Blake Lively (2018’s “A Simple Favor”), speaking in a passable British accent, goes all in without a trace of glamour in a tough, down-and-dirty performance that demands a lot from her emotionally and physically. Given the rare chance to shed so much vulnerability onscreen as Stephanie Patrick, Lively is playing a shell of a human being. She is at her lowest point, looking bruised and exhausted with her hair shorn. Then, as the character picks herself up to pursue her hits, Lively must play different versions of Stephanie’s “self,” or alias Petra Reuters. Not that she is a stone-cold cipher, but who was Stephanie Patrick before the terrorist attack? As shown in a shorthand of unvarying, dialogue-free flashbacks between her and her family smiling together and clearly loving one another, while playing cards and drinking wine, Stephanie was happy and full of promise, and now, she is damaged goods seeking vengeance.
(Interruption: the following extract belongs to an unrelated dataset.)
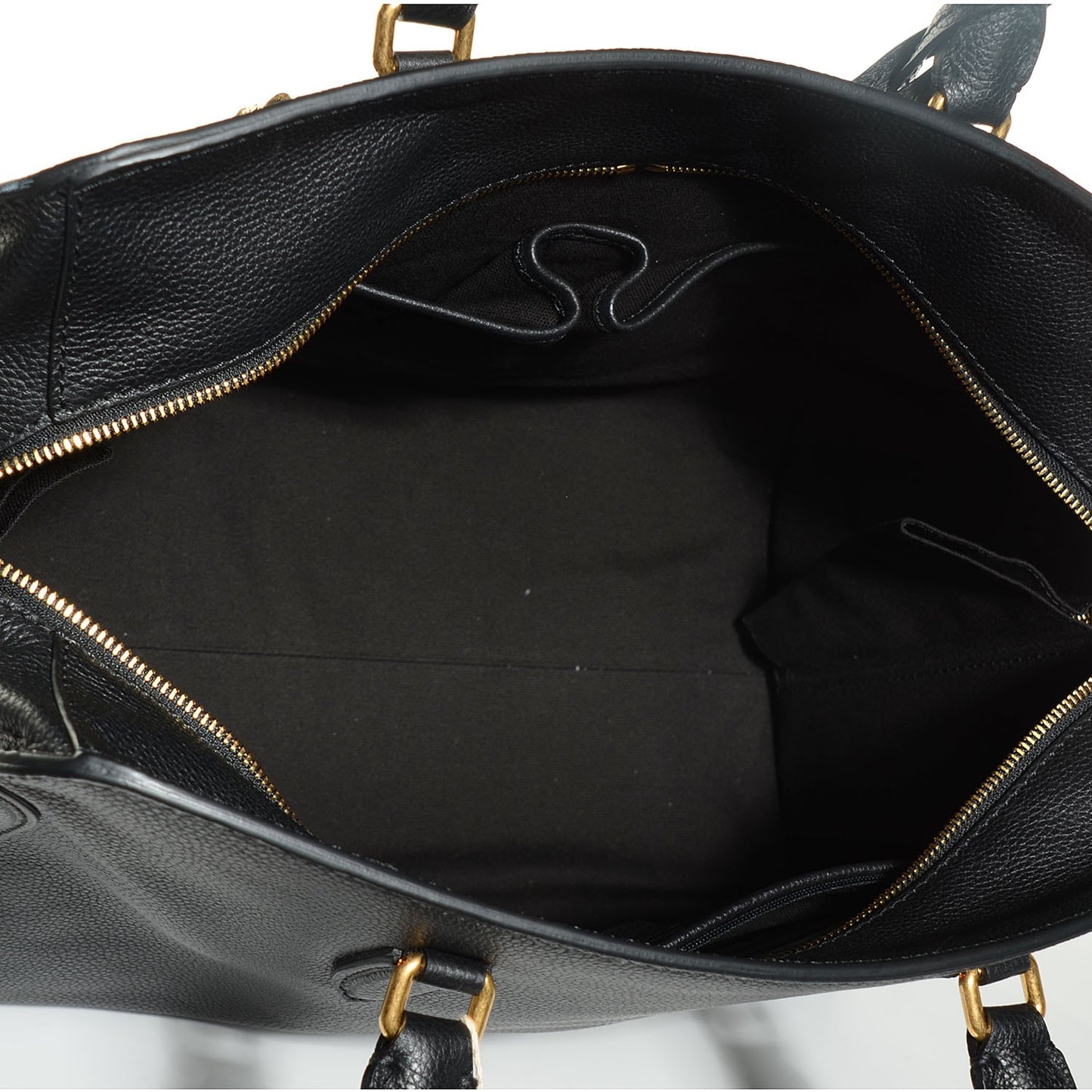 Pebbled Calfskin Large Skull Padlock Zip Around Tote Black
While the script could have colored in the limited background of Stephanie or more varying coverage could have been shot to convey the happier times, Lively holds the proceedings together to make Stephanie a relatable entry point with just enough shadings. Where it matters less, but still frustratingly feels like a waste of Jude Law (2019's "Captain Marvel") and Sterling K. Brown (2019's "Waves"), is the use of the supporting characters who help Stephanie get her to where she needs to be. “B” and Serra are pretty underwritten, and their motivations not quite clear, but the actors prop up these plot-guiding parts with their talent alone.
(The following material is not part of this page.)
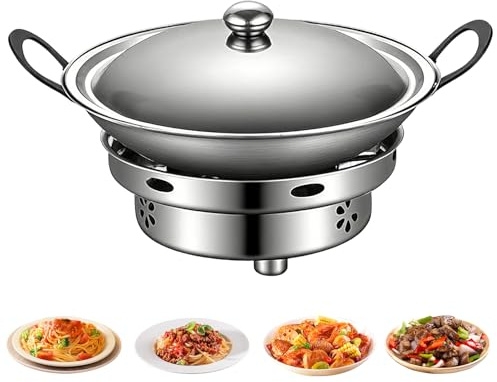 Ensemble de casseroles en acier inoxydable avec cuisinière - marmite de camping | Petit couvercle pour induction gaz & électrique | Batterie dee cuisine d'extérieur portable, lot des 1, argent (nombre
“The Rhythm Section” is compelling and immensely watchable, but it isn’t without its faults. An in medias res opening, where Stephanie is already eight months into her mission in Tangier and has a gun pointed at a target (sadly underused character actor Richard Brake) but can’t bring herself to pull the trigger, is unnecessary and adds nothing to what we eventually learn. There’s also a briefly sexual relationship between Stephanie and Serra that comes out of nowhere and, hence, doesn’t make any sense. Still, there is a clear-eyed vision to how director Morano handles a woman getting what she wants by using her body without the viewer feeling like he or she is supposed to be titillated. For instance, when Stephanie must prove herself and give her body a shock to the system, Morano holds on Lively, only dressed in her underwear and holding onto her clothes in a blanket behind her, slowly wading into a freezing loch before swimming across to the other side. It might sound like a minor note, but the cold is palpable and Lively’s shivering feels authentic. By the end of her cathartic if not morally clean journey, one wishes Stephanie will be able to start anew, but what she has learned exactly will have to wait for the follow-up if audiences even fall in step with this first film’s rhythm.